# Problems after L3.65 update



## Rommel (Aug 28, 2006)

Problems since L3.65 Update:

1. Lag? Video drop out? LoL I don't know what it's called but there's a pic above
2. Audio loss when switching from DVR to live program SD and HD. Con't from 3.63
3. Decrease in PQ SD and HD
4. Takes longer for audio and video to play after turning on Vip622.
5. Trapezoid screen (tilted) . Usually only on the right side.

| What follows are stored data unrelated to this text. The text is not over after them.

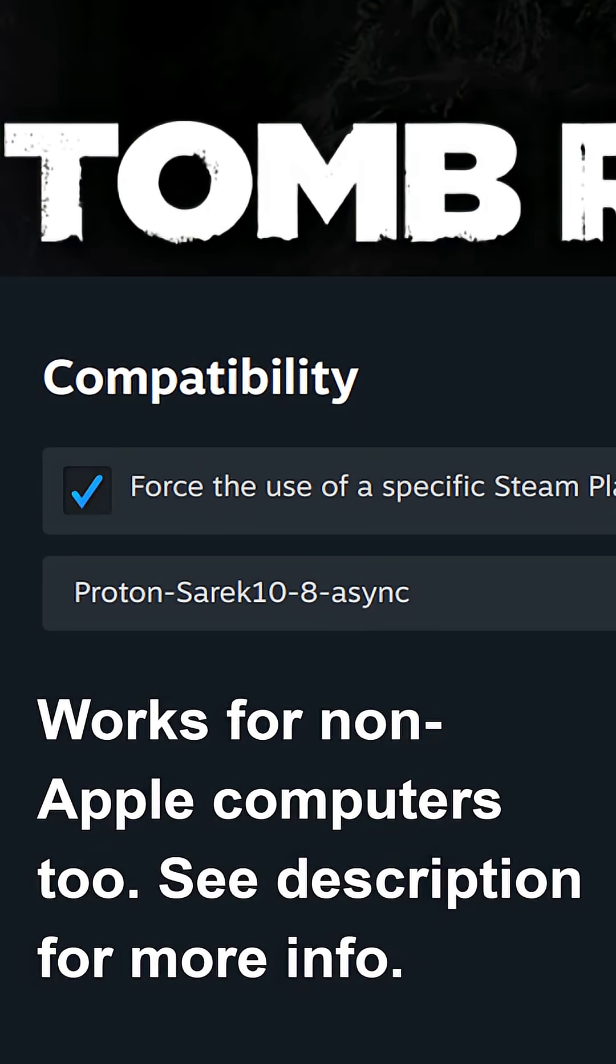But anyway, if you're curious how to get older GPUs working with Proton, I've provided some helpful tips in the description. Thanks for watching this short clip which answered the question.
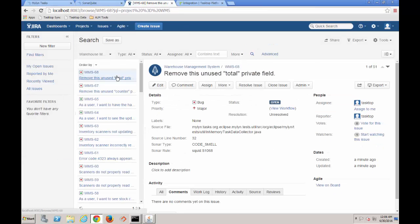In Jira, two new bugs have been automatically created containing details from the issues found by SonarCube, including summary, source file, and line number.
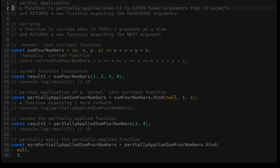To start, I have some definitions that I wrote — you can take them with a grain of salt, verify them online however you need to. These are how I understand partial application and currying currently. Partial application is where a function is partially applied when it is given fewer arguments than it expects and returns a new function expecting the remaining arguments.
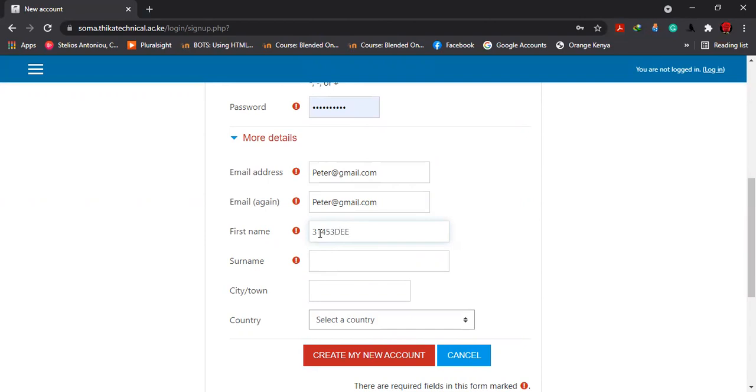Then which is your intake? Because we have two intakes this year. Are you in January or September? For instance, we assume that you're in September, so you input September. Then from there, you move down to the class.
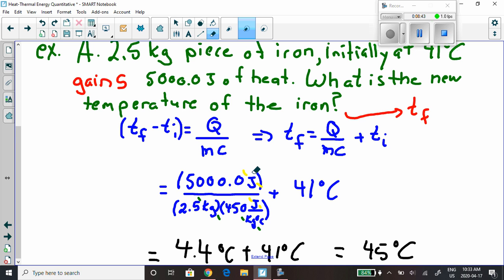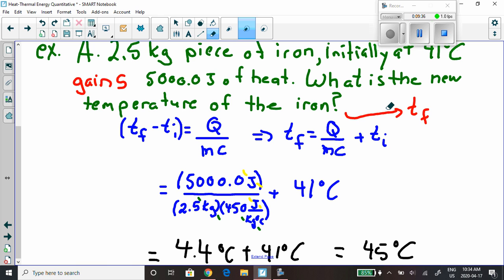After unit cancellation — joules cancel, kilograms cancel — the calculation gives 4.4 degrees Celsius, plus the 41 degrees Celsius already in the iron, for a final temperature of 45 degrees Celsius. If you need to slow down or pause the video to go through the math, please do so.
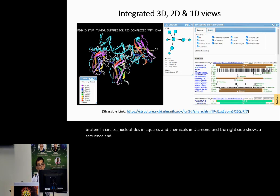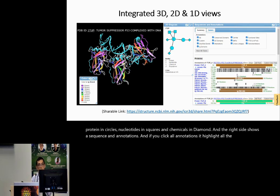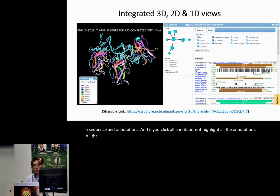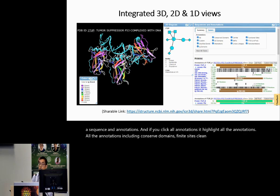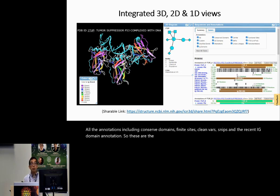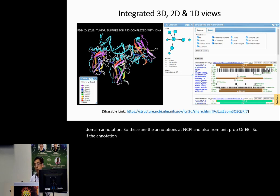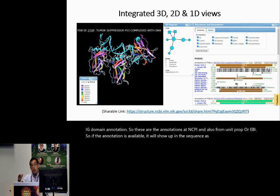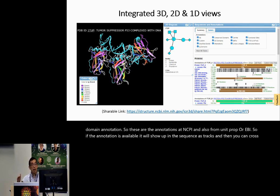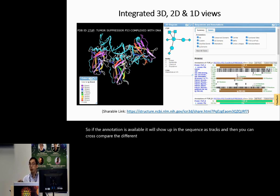If you click all annotations, it highlights all the annotations, including conserved domains, SNPs, ClinVar, and the recent IG domain annotations. These are annotations from NCBI and also from UniProt or EBI. If an annotation is available, it will show up in the sequence as tracks, and you can cross-compare different annotations at different residue positions.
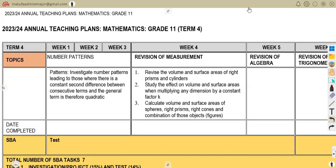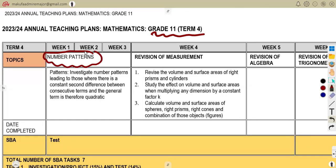Hello guys, welcome back to MedZone African Motives. We are still on our mathematics for Grade 11. In this term, you will need to understand your number patterns — you must work with number patterns. We investigate number patterns leading to those where there is a constant second difference between consecutive terms, and the general term is therefore quadratic, up to quadratic.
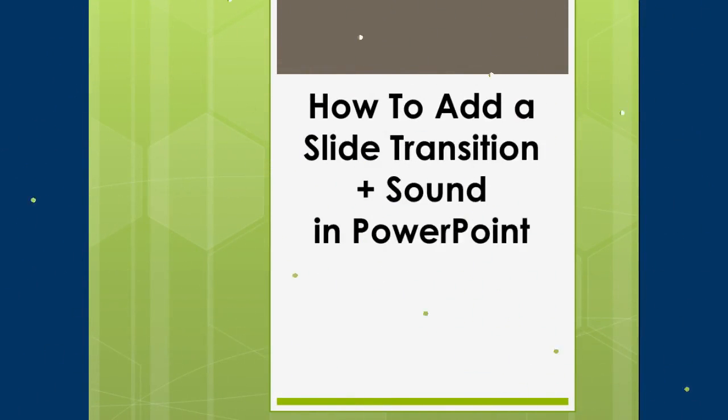In this how-to tutorial, I'm going to show you how to add a slide transition and sound within PowerPoint.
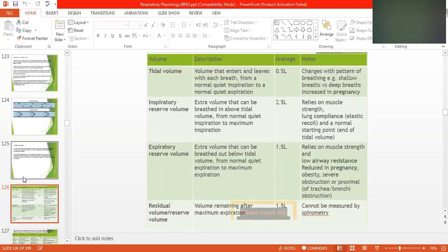Inspiratory reserve volume is the extra volume that can be breathed in above tidal volume. With a forced inhalation, you can increase the volume from 0.5 to 2.5 liters — from a normal quiet inspiration to a maximum inspiration.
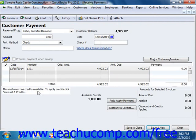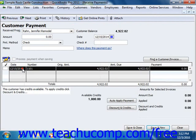Then select the invoice which you wish to apply the credit to from the listing shown. Note that you should not attempt to place a check mark in front of the invoice, as that indicates that it is being paid. Instead, click anywhere on the line of the invoice except for the check mark column to select the desired invoice against which you wish to apply the customer's credit.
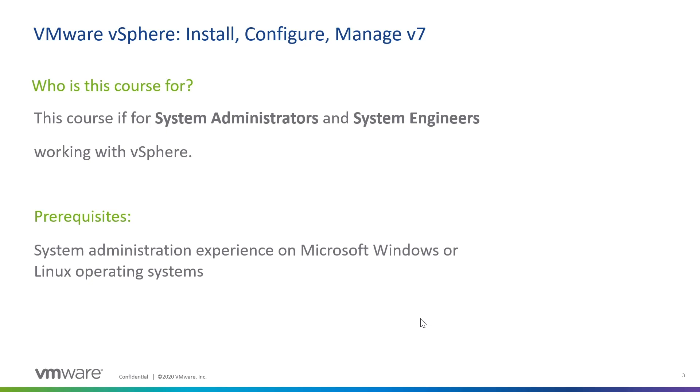Now, if you are a highly experienced vSphere engineer, and you just want to get more education and further your knowledge around this, then we have a level two course, a course that would follow this install, configure, manage, called optimize and scale. And that might be a better course for you in that case.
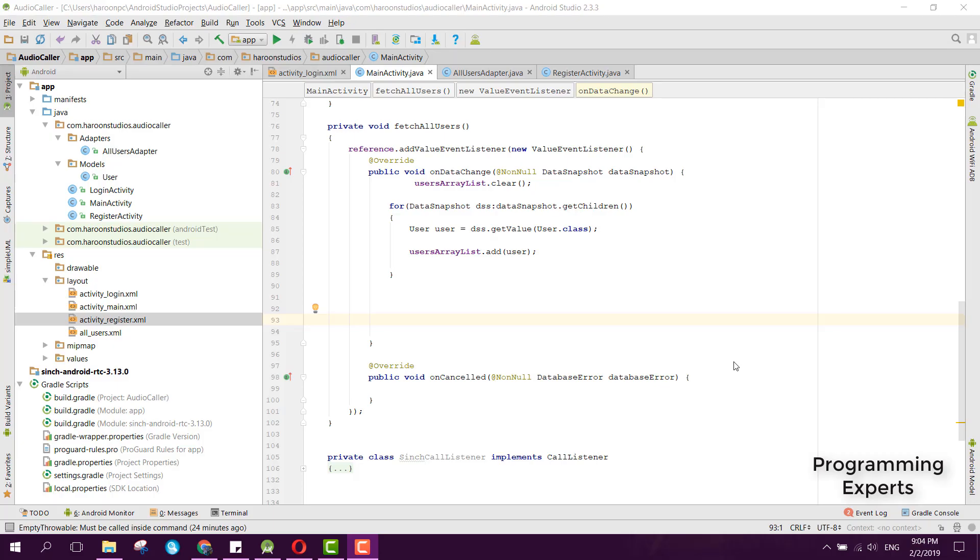Bismillah ar-Rahman ar-Rahim. Welcome to another video. This will be part 7 of my video series on app-to-app audio calling using Cinch SDK and Firebase. In this video, I will try to complete the adapter part of our app.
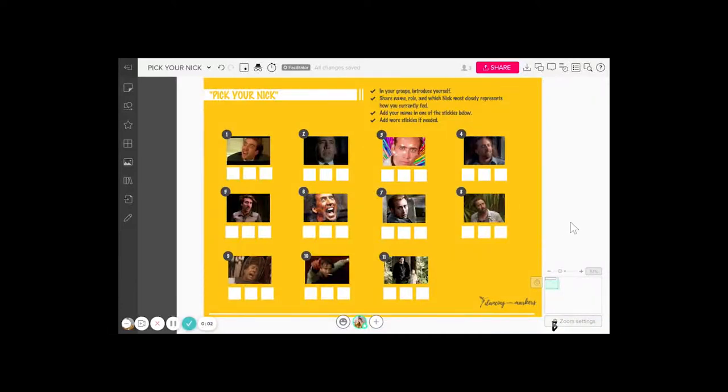You may have heard of the energizer 'pick your sheep,' where you're supposed to select a sheep that represents your current mood or feeling. These are great energizers to help get a sense of where people are coming into a meeting.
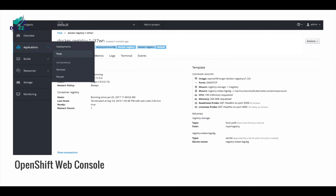OpenShift provides a web-based console that makes it easy to perform needed activities like managing deployments, pods, creating services and routes, and other features that you will need to run projects, as we shall see later in this workshop.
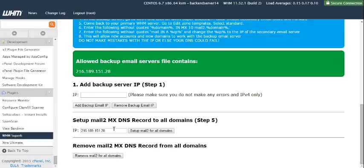This will edit all DNS zone settings on this primary server to tell the server that there is a secondary mail server.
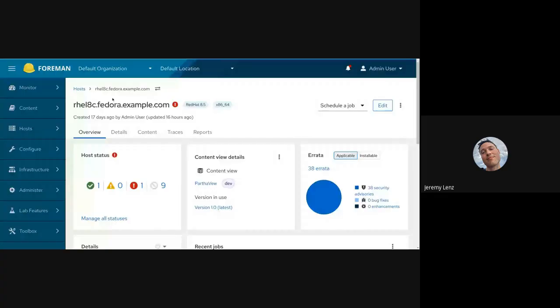Thanks Maria, let me share quickly. I want to tell you about some improvements we've made to the errata overview card. This will be a very short demo, probably just a minute.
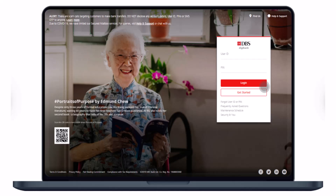The very first thing you have to do is go to the digibank online portal — I will leave a direct link down in the description box. Go ahead and log into your digibank online account using your user ID and PIN, then click on the login option. If you do not have digibank online, you can also activate your online banking by clicking on the 'Get Started' button.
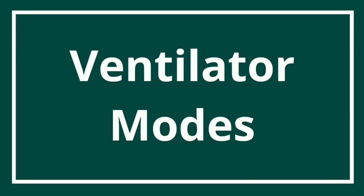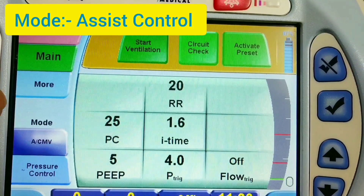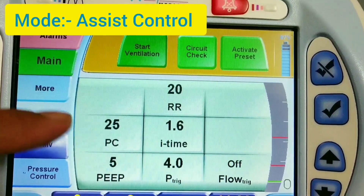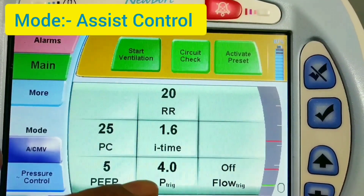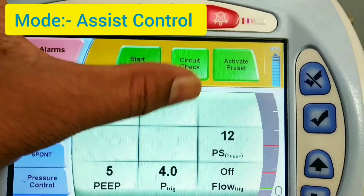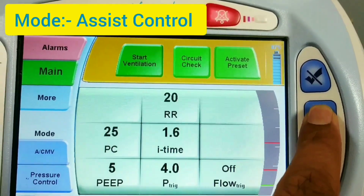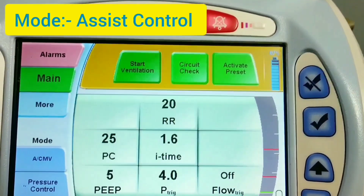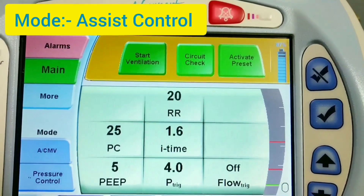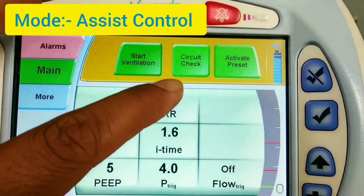Let's see the ventilator modes in the Newport HD70. Here the mode is Assist Control with breath type Pressure Control. The settings include pressure control level, PEEP, rate, inspiratory time (I-time), P-trigger, and flow trigger. You always have to tick mark the confirm button; otherwise it will revert to the previous setting. Only after pressing tick mark will the setting be saved.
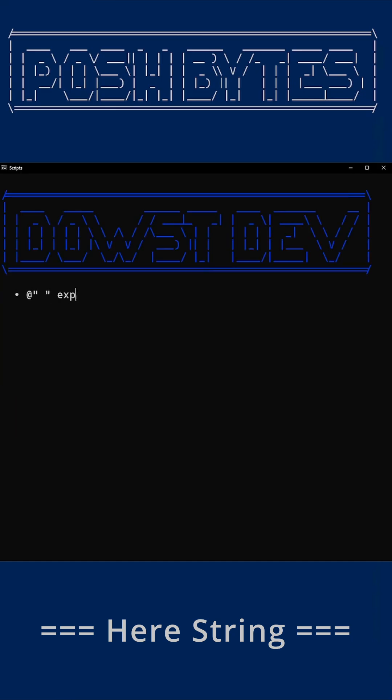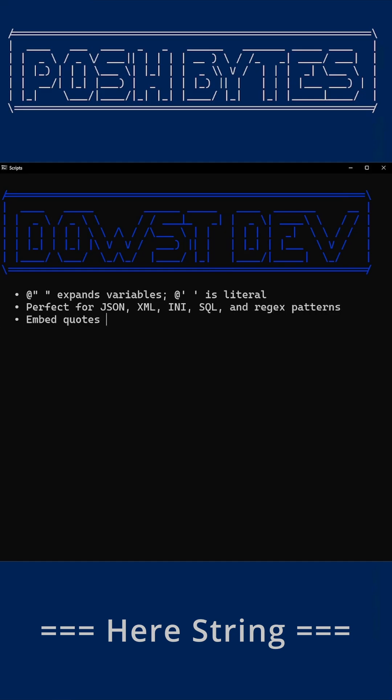And that's here strings. The textual TARDIS of PowerShell. Bigger on the inside, calmer on the outside, and blessedly free of quote chaos. Use them to keep your text tidy, regex readable, and your blood pressure low.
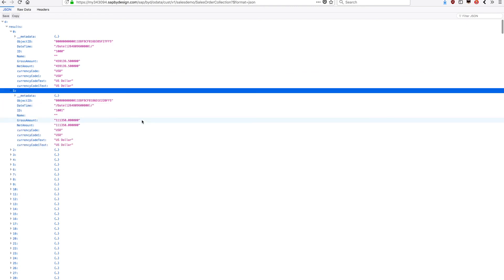Any application which have, of course, the authorization for consuming this web service can easily integrate with the system, just like Alexa, for example.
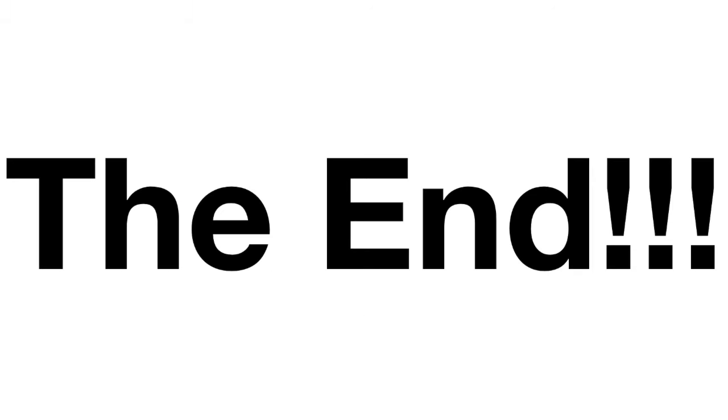Hooray! We've made it to the end of another exciting StatQuest. If you like this StatQuest and want to see more of them, please subscribe. And if you have any suggestions for future StatQuests, put them in the comments below. Until next time, quest on!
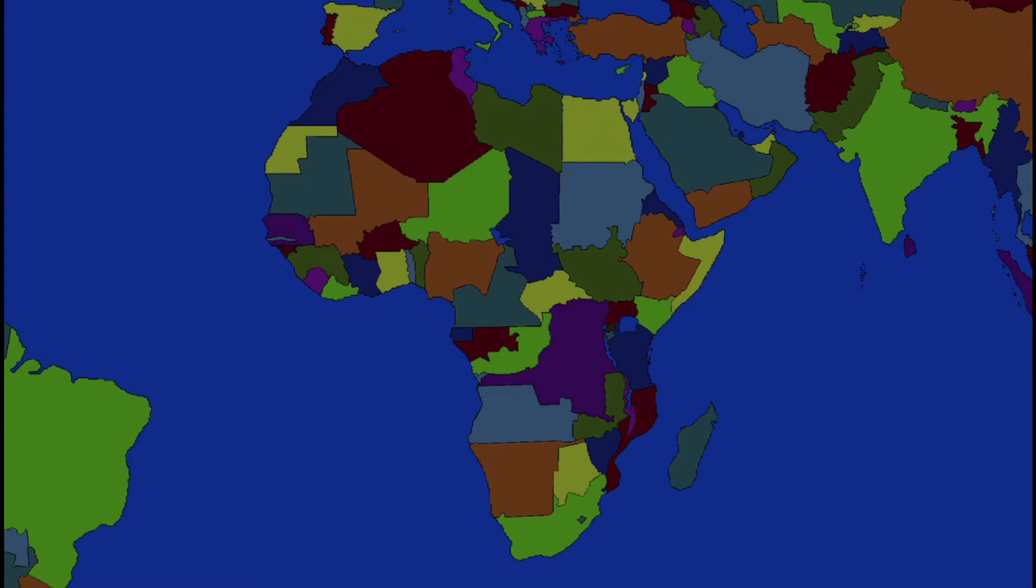Burundi, Lesotho, and Malawi, Togo, the Spanish Sahara is gone. Niger, Nigeria, Chad, and Liberia, Egypt, Benin, and Gabon.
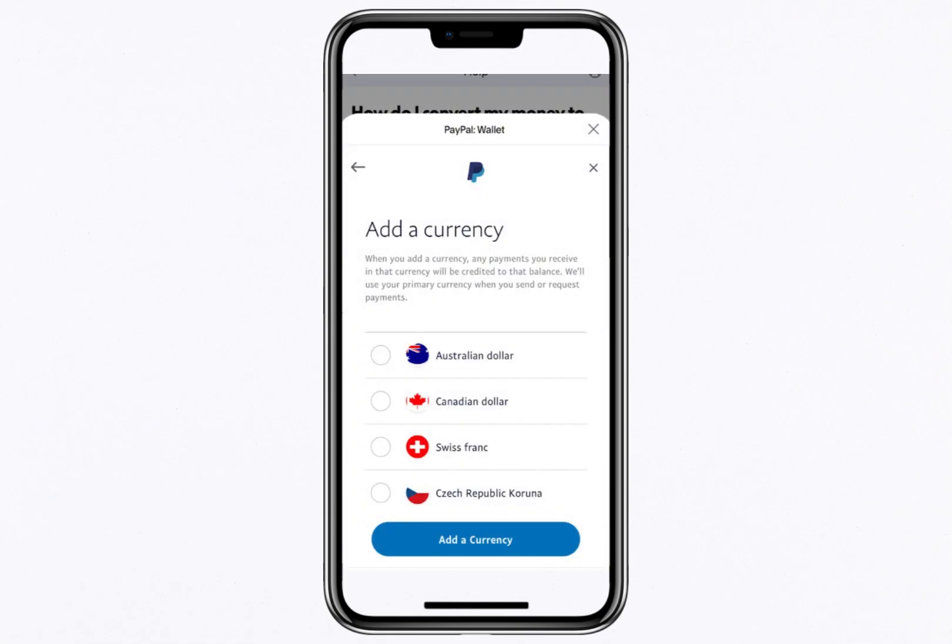Hello everyone. In this video, I'll guide you through converting currency on PayPal using both the mobile app and the website. Let's start with the mobile app.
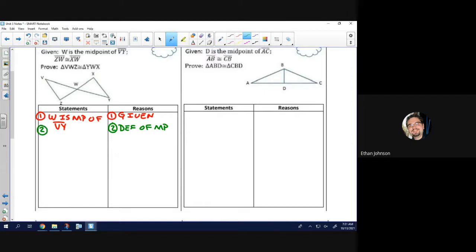The midpoint splits something in half. So it says W is splitting ZY in half, meaning our two halves would be ZW is congruent to YW. With triangle congruencies, I recommend marking up your diagram with the types of congruencies as soon as you have a statement.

Anyone else having these problems? Is there a fix to it? Thanks.


----------



## Rommel (Aug 28, 2006)

anyone?


----------



## normang (Nov 14, 2002)

Try a power plug reset if you have not already and see if your symptoms change.


----------



## voripteth (Oct 25, 2005)

1. I see this from time to time when there is signal loss due to bad weather. Sometimes it shows up on my ABC-HD channel even if there isn't bad weather

2. Can't say I've heard this one myself

3. Other than the movement to HD-lite I haven't seen a PQ difference. I highly doubt a software change will affect this. It may be a change on the broadcast end and just coincidental with 3.65.

4. Not sure what you mean by this. By the time my TV warms up my 622 is ready to go.

5. Screen tilt sounds like a TV problem.



Rommel said:


> Problems since L3.65 Update:
> 1. Lag? Video drop out? LoL I don't know what it's called but there's a pic above
> 2. Audio loss when switching from DVR to live program SD and HD. Con't from 3.63
> 3. Decrease in PQ SD and HD
> ...


----------



## Paradox-sj (Dec 15, 2004)

I have been seeing that as well. 

I have also noticed thatI can not do slow motion on MPEG4 channels like StarzHD without out complete picture breakup.


----------



## Rommel (Aug 28, 2006)

Just a couple of updates...

1. Audio can sometimes can 20+ seconds to start. Reboot doesn't fix it.
2. Screen being a bit trapezoid is tv problem. 
3. PQ decrease was only on some programming. 

and now I noticed another problem.

I see A LOT of pixelation special on HD channels. I was watchinf elsewhere and I can see pixels everywhere. It's looks like a SDE (Screen Door Effect) but I only see it on dark figures with bright background. 

Note. It's not SDE because I have a DLP. But it looks very similar.


----------



## elbodude (Jul 13, 2006)

Rommel said:


> anyone?


ME! My wife is PISSED!!


----------



## dude2 (May 28, 2006)

Picture quality really was bad on hdnet, hdnet movies, espn [email protected] rave. I called dish as I was watching the minnesota twins ballgame and it did not look any better than sd. The csr took all the facts off the 622 she could find and reported the poor pq to engineering. Will see if anything happens with pq.


----------



## Rommel (Aug 28, 2006)

I knew I wasn't imagining things when I noticed the PQ infact did decrease. A few on my friends said the same aswell. I wonder what Dish is doing to correct this.


----------



## datbeme (May 17, 2006)

Rommel said:


> I knew I wasn't imagining things when I noticed the PQ infact did decrease. A few on my friends said the same aswell. I wonder what Dish is doing to correct this.


Regarding the decreased PQ on HDNet and other HD channels. I also noticed this last friday on 10-06-2006. At first I thought i was seeing things, I had my wife look and she didn't even think it was on a HD channel. I then spent the remainder of the evening going through all of the 622 and tv settings looking for the cause. I had no clue there was a software change until I read this.


----------



## normang (Nov 14, 2002)

Haven't seen any decrease in PQ on my 622..


----------



## Ron Barry (Dec 10, 2002)

I have not noticed a PQ decrease either. Usually I am very intune and notice these types of things. 

Have to wonder over to HDNet more and see if I feel a difference.


----------



## Rommel (Aug 28, 2006)

Does anyone know if any HD channels changed anything? Decrease bandwidth somehow?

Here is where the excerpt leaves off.